Rules Versus Strategies

Stratego -- Strategies for Program Transformation

In stratego all information is represented as a ATerm. An ATerm can be thought of as a structured tree-like representation of the information that needs to be transformed. ATerms can be used to represent anything. More specifically also hierarchical formats like parse trees or XML files lend themselves very well to be represented in ATerms (also called terms; ATerm refers to the name of a library to work with terms).

"Strategies" are operations that operate on terms. In general they take a term, and return a transformed term. Imperative programmers can think of a strategy as a function, taking a term as input, and returning a term as output. (Special build and match strategies exist, however, to generate new terms without the need for an input term, or to match terms to patterns, without returning a new term.)

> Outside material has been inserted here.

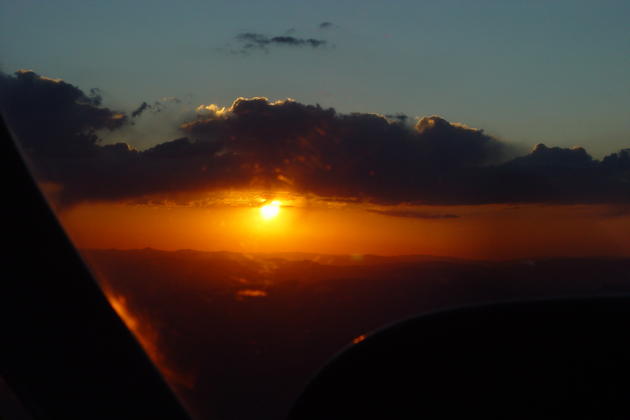 Viewing a gorgeous sunset over the Nevada/California border at Flight Level 200 in the Cessna 340.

Something that requires some getting used to is the fact that the term that serves as input to a strategy is not mentioned explicitely as a parameter to the strategy. Instead it is present implicitely.

Strategies can be used e.g. to specify in what order the nodes of a tree should be traversed and transformed or analysed.

"Rules" replace terms with transformed terms. In fact rules are syntactic sugar for a specific series of strategy operations. That is, there is a conceptual difference between strategies and rules, but not necessarily an implementation difference. (Conceptually a strategy specifies term traversal, or performs an analysis, while a rule performs a transformation.)

There is always a "term under consideration", but it is not mentioned explicitely. At start-time this is the term that is loaded from a file (or typed on the keyboard). New (sub)terms can be builded during execution, or (sub)terms can be replaced with transformed subterms. Terms usually contain other terms. This way you get a hierarchical tree of terms. By matching patterns one can identify interesting areas in the tree of terms on which to perform certain rewritings.

For example:

strategies
  main = topdown(try(renamevar))

rules
  renamevar:
    VarDef(vname,vtype) -> VarDef(vname2,vtype)   
    where new => vname2

Here we specify that the term under consideration will be traversed in a topdown way, and at each node of the term tree we will try to apply strategy renamevar. renamevar in its turn is specified as a strategy that compares the current term under consideration with a VarDef(,) node. (The notation "_" means that anything could be standing there.) If that succeeds, a new name is created, and the variable is renamed to the new name.

Second example:

Suppose we start on term

Program(
  ImportFileList(["file.txt","file2.txt"]),
  VarDefList([VarDef("v1","int"),
         VarDef("v2","bool")]),
  StatementList([If(Int("0"),
          StatementList(),
          StatementList()),
       Return(Int("1"))])
)

First renamevar is tried on Program(,,_). This obviously fails because Program(,,_) is not VarDef(,). Because the renamevar is surrounded by a try statement, execution can still continue. Next it is tried on ImportFileList(_). This fails. Next it is tried on the list ["file1.txt","file2.txt"], and later on each of the elements of the list, which also fails. Next it is tried on VarDefList(_), but this fails. Next it is tried on [VarDef(),VarDef()] but it fails.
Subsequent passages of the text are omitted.